Of course, the components that are connected to one another by this connection component and/or to fastening points formed on the building can also be detected here. In most cases, these components already have a unique, electronically recordable identifier such as a barcode, a matrix code, a serial number, an RFID tag and the like, which can also be detected by the tool or by a separate device. If necessary, there is also the possibility of assigning an identifier to the component using the tool, without this being physically recorded on the connection component.
Since the position of the connection component is detected by the tool, the exact positions of the connected components in space are also defined at the same time and can thus also be entered or adjusted accordingly in the digital twin data record.

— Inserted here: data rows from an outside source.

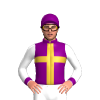 Jockey Silk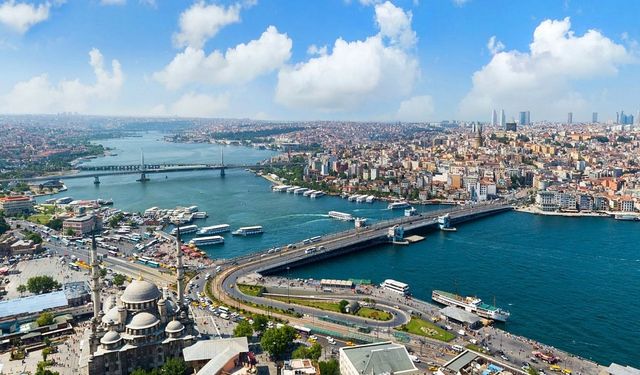 Bu hafta sonu İstanbul'da gezilecek yerler, yapılacak etkinlikler (5-6 Nisan 2025)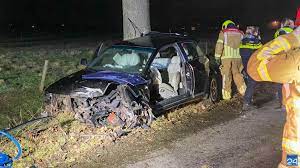 Veel kijk plezier liefe kijkers van gekke musti vlogger uit brabant ongeluk bij turnhout kruistpunt gevaarlijk kruispunt #telegraaf #ongeluk #turnhout #belgie. Ernstig Ongeval Bientjesweg Ospel Nederweert24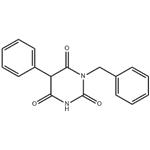 1-Phenylmethyl-5-phenyl-barbituric acid pictures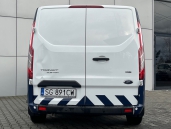 Ford Transit Custom Nowy Silnik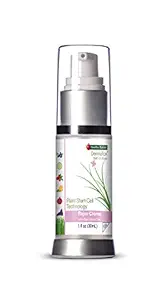 Habitudes saines Rejuv Crème avec cellules souches végétales - Une formule tout naturel, sûr et efficace pour soutenir les soins de la peau anti-âge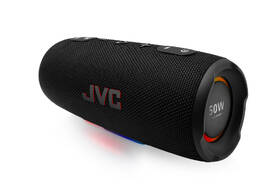 Přenosný reproduktor JVC XS-E425B černý

 obrázek produktu 2 z 7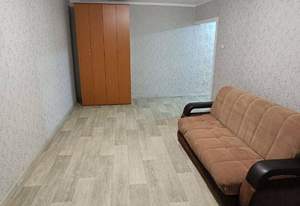 1-к квартира, на длительный срок, 31м2, 5/5 этаж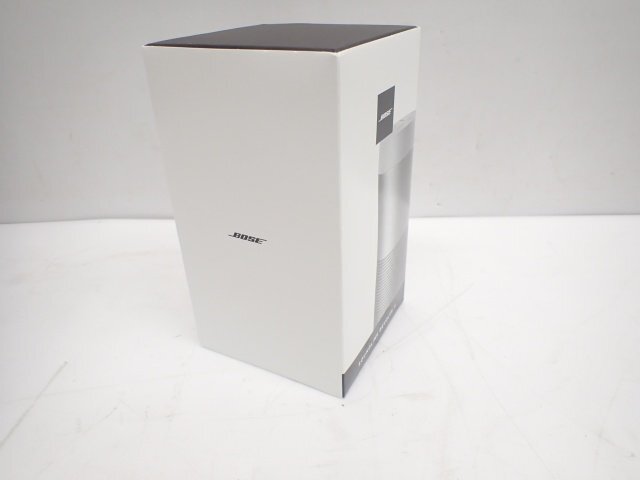 【未使用】【未開封品】 BOSE ボーズ Bluetooth対応スピーカー ワイヤレススピーカー Soundlink Revolve II ∩ ...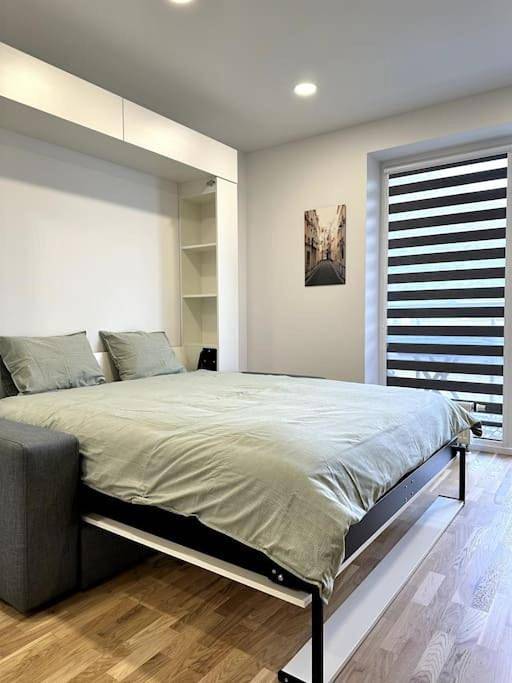 Appartement de vacances pour 2 personnes, avec terrasse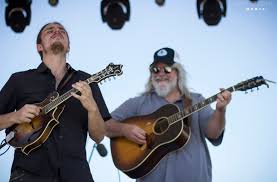 PREVIEW: Aiken Bluegrass Festival 5.12 - 5.13.17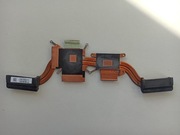 Radiator chłodzenia 15-CX - HP Pavilion  15-cx0008nw, MODEL RTL8822BE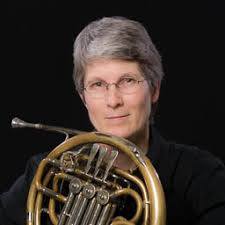 Jill Wyse. Jill (Behne) Wyse, originally from Mason City, Iowa, studied horn under Paul Anderson while pursuing her BMA degree at University of Iowa. - Jill-Wyse_256-x-256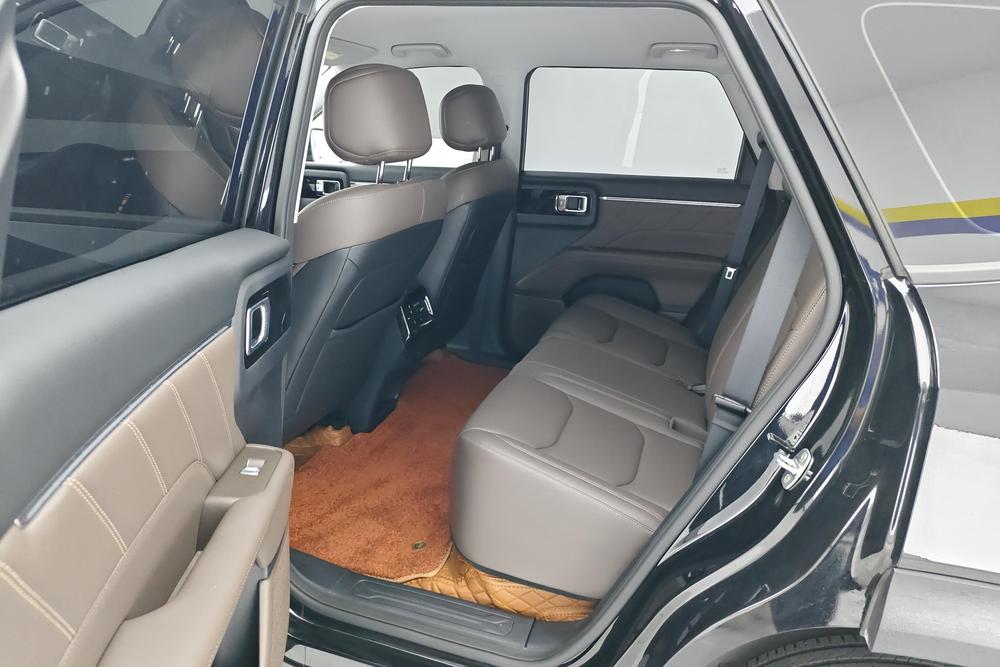 Wuling Starlight 560, фото 16
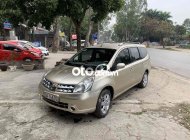 Nissan Livina 2011 - Màu bạc, xe nhập giá ưu đãi giá 216 triệu tại Hà Nội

As mentioned above, a digital twin data record is provided for documentation and simulation. The generation of the digital twin data record comprises at least the following steps, preferably, but not necessarily strictly, in the order given:
(i) creating a commissioning digital twin data record from customer-specific configuration data and component model data records with target data which reproduce characterizing properties of components of the passenger transport installation in a target configuration;
(ii) creating a production digital twin data record based on the commissioning digital twin data record by measuring actual data which reproduce characterizing properties of components of the physical passenger transport installation immediately after production thereof and replacing target data in the commissioning digital twin data record with corresponding actual data; and
(iii) creating and continuously updating the digital twin data record based on the production digital twin data record by modifying the production digital twin data record during assembly of the physical passenger transport installation, taking into account data recorded by the detection apparatus which reproduce at least the determined identifiers for the installed connection components, their measured position and their measured installation parameters.
The digital twin data record is created and continuously updated in particular by these installation data records being transmitted to the digital twin data record and the characterizing properties of the component model data records affected by the transmitted data being updated accordingly. At this point it should be mentioned that the provided connection components are also mapped as component model data records in the digital twin data record.

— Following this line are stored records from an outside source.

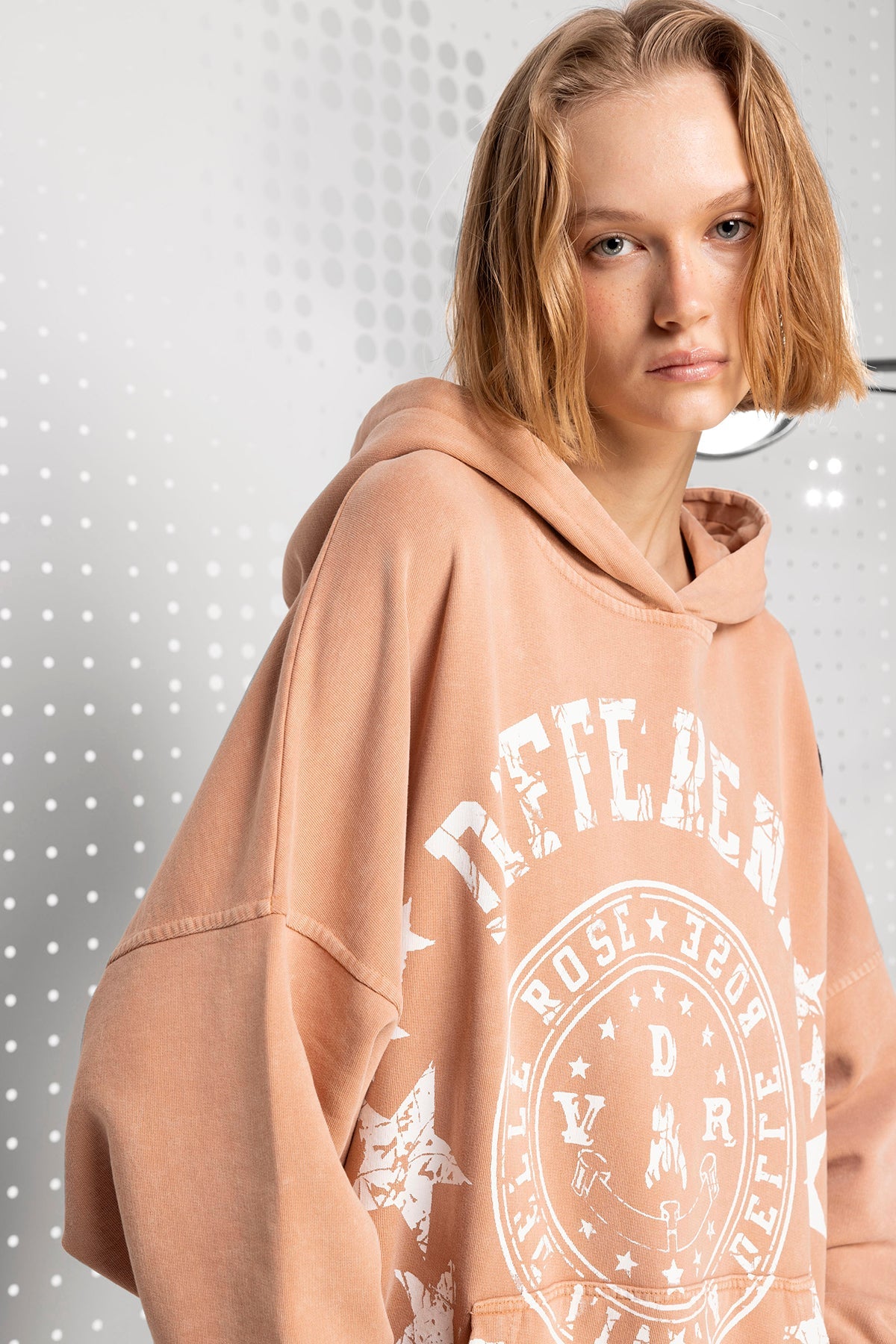 Tarçin  Sweatshirt 15296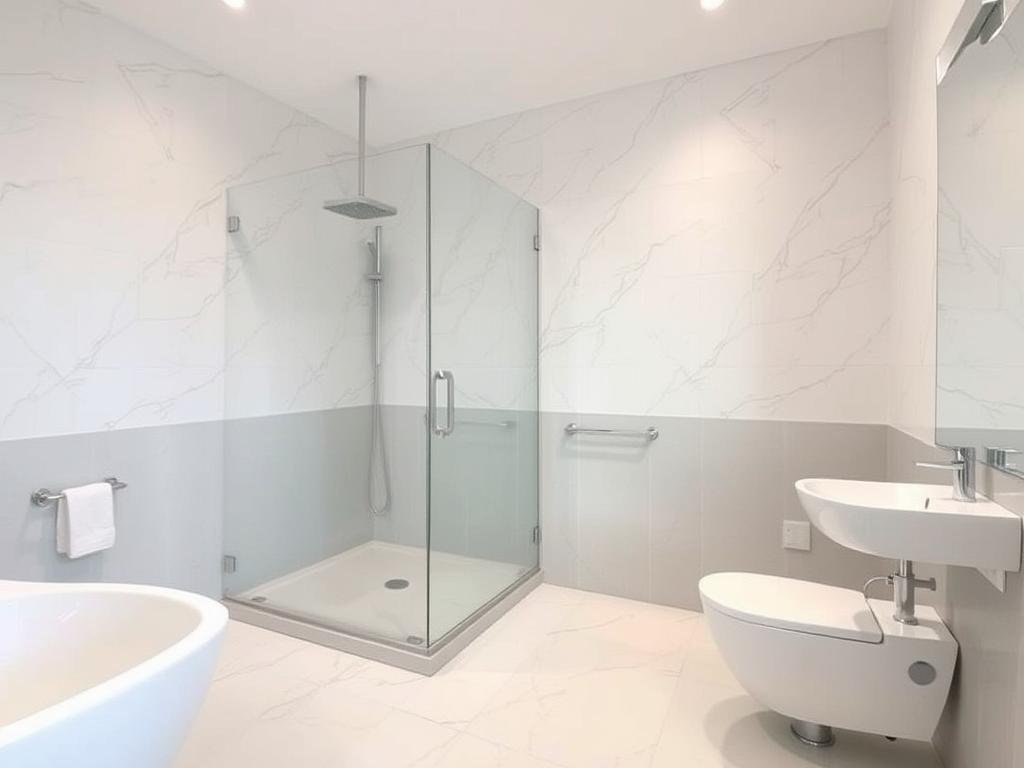 عزل الحمامات والمطابخ من مقاول عازل أسطح العاصمة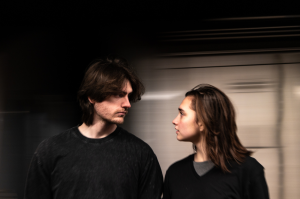 World Builders by Johnna Adams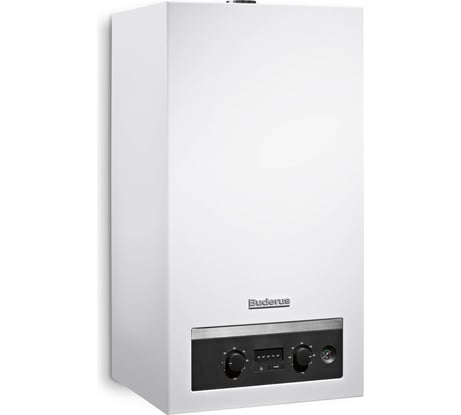 Настенный котел Buderus Logamax u072-24 7736900190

In other words, the digital twin data record can be created and updated in several sub-steps. The data contained in the data record can thus be successively improved and refined so that the characterizing properties of the components installed in the physical passenger transport installation are reproduced more and more precisely with regard to their actual current configuration in the digital twin data record with continuous creation and, with continuous assembly of the physical passenger transport installation, the digital twin data record is completed with regard to the documentation and usable data for a simulation.

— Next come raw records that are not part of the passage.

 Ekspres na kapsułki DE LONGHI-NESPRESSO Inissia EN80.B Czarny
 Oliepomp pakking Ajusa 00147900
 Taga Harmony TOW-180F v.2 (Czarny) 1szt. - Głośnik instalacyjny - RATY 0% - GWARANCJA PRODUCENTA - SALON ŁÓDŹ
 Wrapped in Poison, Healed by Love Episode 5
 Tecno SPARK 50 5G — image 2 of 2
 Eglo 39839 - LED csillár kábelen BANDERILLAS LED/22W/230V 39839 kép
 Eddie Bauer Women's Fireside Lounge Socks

This means that the installation data records recorded during assembly and entered into the digital twin data record can also influence at least one characterizing property of at least one component model data record, or this characterizing property of the component model data record must be updated accordingly. As explained in greater detail below in connection with the drawings, the installation data record usually relates to a plurality of characterizing properties of several component model data records. By means of simulations, changes of each of these characterizing properties can be calculated for each affected component model data record from the recorded data of the tool using the geometric relationships available in the digital twin data record, the physical properties stored in the component model data records, and known calculation methods from the fields of physics, mechanical engineering and the science of strength of materials. The changed characterizing properties of the affected component model data records determined on the basis of the detected changes can now be assessed to determine whether the assembly was carried out correctly or not at this point. In concrete terms, for example, if a screw is tightened too much, a plastics damping element that is also compressed therewith could be damaged. Corresponding simulations can be carried out with the data measured by the tool, which are transferred to the digital twin data record as the installation data record.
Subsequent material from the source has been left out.